Anyone earning over £50,000 per annum and living in a household that receives Child Benefit has to pay additional Income Tax. The Institute for Fiscal Studies has shown that because the £50,000 threshold has never changed, and there are no plans to change it, an increasing number of families are having to pay the additional tax.
Six years ago today, Child Benefit was first withdrawn from families containing someone whose annual income is above £50,000 a year. This threshold has since remained frozen in cash terms and there remain no plans to change it. This means that around 36%, or 370,000, more families will lose some Child Benefit in 2019–20 than in 2013–14. Continuing the freeze would mean that, from April 2021, significant numbers of families who do not contain a higher rate income taxpayer will begin to lose some of their Child Benefit for the first time. Moreover, by 2022 more than one in five families with children are set to lose at least some of their Child Benefit – up from one in eight when the policy was introduced. This is one of a growing list of examples of a part of the tax and benefit system being frozen, which never makes sense as an indefinite – and hence potentially permanent – policy.

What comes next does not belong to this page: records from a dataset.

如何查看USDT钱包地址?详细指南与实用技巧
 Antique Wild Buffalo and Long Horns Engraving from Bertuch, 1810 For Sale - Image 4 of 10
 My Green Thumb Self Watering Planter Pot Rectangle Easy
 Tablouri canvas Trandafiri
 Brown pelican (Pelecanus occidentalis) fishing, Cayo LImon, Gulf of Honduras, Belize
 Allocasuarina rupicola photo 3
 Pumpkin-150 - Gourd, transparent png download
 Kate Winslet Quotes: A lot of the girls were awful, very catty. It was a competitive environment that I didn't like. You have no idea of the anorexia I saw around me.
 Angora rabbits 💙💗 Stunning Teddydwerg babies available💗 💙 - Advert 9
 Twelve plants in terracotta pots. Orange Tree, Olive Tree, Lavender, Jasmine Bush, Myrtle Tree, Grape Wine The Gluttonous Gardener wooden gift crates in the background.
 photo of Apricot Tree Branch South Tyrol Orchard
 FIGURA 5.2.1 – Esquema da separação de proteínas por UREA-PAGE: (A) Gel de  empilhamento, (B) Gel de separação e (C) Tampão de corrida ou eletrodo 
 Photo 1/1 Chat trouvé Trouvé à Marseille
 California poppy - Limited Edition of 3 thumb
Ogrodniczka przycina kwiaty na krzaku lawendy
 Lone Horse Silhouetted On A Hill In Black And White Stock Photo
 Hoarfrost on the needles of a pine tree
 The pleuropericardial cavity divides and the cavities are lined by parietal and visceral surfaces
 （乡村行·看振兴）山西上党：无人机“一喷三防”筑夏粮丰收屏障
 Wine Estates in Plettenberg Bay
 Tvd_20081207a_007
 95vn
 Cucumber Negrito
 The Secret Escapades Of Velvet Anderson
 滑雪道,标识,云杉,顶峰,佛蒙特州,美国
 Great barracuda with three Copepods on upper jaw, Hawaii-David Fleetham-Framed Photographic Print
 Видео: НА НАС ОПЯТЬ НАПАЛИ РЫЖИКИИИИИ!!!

It is not strictly true that Child Benefit is being withdrawn. Child Benefit remains an unconditional payment for every child – unless of course the Child Benefit recipient, usually the mother of the children, decides to withdraw her claim in order to avoid a high earner in the family having to pay the additional tax. But in terms of a family’s net income, the Institute for Fiscal Studies is of course correct. If the threshold is not raised, then an increasing number of families that receive Child Benefit will find themselves paying additional Income Tax.